日本初の人工衛星「おおすみ」は1970年2月11日にL-4Sロケット5号機で打ち上げに成功しました。このロケットは政治的事情などからかなり厳しい打ち上げを余儀なくされたのです。大体固体ロケットで衛星打ち上げをするのは日本だけです。(ちなみにH-IIAロケット、スペースシャトル、アリアン、タイタン、長征、ソユーズ、プロトン、アトラスなどはもちろん全て液体ロケットです。)固体ロケットはただでさえ誘導制御が難しいというのにL-4Sには誘導装置すら付けられていなかったのです。(つまりどこに飛んでいくかわからない。この打ち上げ方は重力ターン方式といい、このような奇跡的な打ち上げを成功させたのは日本だけ。)予算も厳しく(当時は東京大学の1研究所にすぎなかった)、一部の政治家、マスコミからの激しいバッシングや嫌がらせを受けながらの打ち上げが技術的にも精神的にもどれだけ難しかったのかは容易に想像できる。それに引き換え中国などは国家の大事業として考えられていたのに日本よりも衛星打ち上げが遅かった。この事実を見てどうして大きな技術格差がないと言い切れるのか。

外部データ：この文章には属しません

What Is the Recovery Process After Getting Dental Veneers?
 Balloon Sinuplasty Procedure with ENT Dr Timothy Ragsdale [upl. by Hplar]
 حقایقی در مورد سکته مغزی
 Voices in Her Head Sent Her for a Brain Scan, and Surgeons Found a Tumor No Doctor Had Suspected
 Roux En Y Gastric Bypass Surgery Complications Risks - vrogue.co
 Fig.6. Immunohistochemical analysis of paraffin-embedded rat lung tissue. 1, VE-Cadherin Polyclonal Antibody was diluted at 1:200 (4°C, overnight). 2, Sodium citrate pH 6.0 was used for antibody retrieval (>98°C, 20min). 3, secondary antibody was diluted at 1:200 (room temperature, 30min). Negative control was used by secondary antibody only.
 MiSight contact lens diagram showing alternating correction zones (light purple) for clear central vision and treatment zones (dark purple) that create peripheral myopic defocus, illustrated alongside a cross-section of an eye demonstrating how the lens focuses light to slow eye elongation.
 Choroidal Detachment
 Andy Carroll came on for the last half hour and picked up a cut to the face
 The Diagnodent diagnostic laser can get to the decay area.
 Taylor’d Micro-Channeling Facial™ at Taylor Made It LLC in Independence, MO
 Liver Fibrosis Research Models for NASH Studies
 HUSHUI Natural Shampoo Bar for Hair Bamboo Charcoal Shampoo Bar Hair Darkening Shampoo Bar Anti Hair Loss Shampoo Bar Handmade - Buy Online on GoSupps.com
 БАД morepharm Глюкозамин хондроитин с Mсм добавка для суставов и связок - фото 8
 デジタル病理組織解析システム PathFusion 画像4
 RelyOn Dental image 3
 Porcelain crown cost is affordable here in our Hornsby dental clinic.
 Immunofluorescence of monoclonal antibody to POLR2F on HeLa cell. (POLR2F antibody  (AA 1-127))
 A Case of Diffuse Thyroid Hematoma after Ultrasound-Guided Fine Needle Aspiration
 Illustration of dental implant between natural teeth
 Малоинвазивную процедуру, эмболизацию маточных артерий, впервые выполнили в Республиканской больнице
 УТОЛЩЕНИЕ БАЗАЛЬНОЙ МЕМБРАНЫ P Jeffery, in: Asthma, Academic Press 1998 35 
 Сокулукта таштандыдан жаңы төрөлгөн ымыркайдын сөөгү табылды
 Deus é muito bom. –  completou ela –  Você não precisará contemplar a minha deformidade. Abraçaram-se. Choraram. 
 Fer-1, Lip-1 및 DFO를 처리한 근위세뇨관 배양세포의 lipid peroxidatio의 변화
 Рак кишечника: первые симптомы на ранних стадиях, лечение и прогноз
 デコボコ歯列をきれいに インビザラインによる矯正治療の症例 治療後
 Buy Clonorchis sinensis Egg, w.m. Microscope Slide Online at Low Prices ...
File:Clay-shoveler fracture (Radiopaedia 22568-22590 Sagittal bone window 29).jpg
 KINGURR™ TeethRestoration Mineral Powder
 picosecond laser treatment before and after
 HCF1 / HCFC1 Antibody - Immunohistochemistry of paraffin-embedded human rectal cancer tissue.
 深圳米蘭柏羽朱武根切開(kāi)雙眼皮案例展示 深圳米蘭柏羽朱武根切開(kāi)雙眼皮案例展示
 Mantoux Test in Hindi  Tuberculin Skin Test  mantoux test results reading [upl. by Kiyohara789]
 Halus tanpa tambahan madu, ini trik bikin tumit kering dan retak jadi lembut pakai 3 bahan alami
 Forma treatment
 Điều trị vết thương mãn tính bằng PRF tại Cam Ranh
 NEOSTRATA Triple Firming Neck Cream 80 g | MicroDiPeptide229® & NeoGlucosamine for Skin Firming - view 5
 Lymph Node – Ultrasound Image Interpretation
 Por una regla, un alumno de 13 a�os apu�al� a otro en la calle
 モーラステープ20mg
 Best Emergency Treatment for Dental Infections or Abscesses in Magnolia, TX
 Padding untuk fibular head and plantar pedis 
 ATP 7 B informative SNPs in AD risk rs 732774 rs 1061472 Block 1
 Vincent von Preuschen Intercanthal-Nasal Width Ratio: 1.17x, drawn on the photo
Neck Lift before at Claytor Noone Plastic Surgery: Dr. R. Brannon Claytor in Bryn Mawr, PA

結果だけにとらわれ、その裏側を見ようとしないマスコミの思考回路と全く同じである。大体失敗を隠す中国、その後どれだけ失敗を隠しているのかわからないだろう。(ちなみに打ち上げ失敗後の爆発で村人500人を死亡させるという世界最大のロケット事故による死者を出したのは中国。しかも中国政府はこのことを必死に隠そうとしていた。だが、あまりのすごさにバレてしまった。このことから昔小さな事故が頻繁に起こっていたことは容易に想像できる。)日本はロケット打ち上げによる死亡者は一人もいない。中国に作れないかといえばそうでもないだろう?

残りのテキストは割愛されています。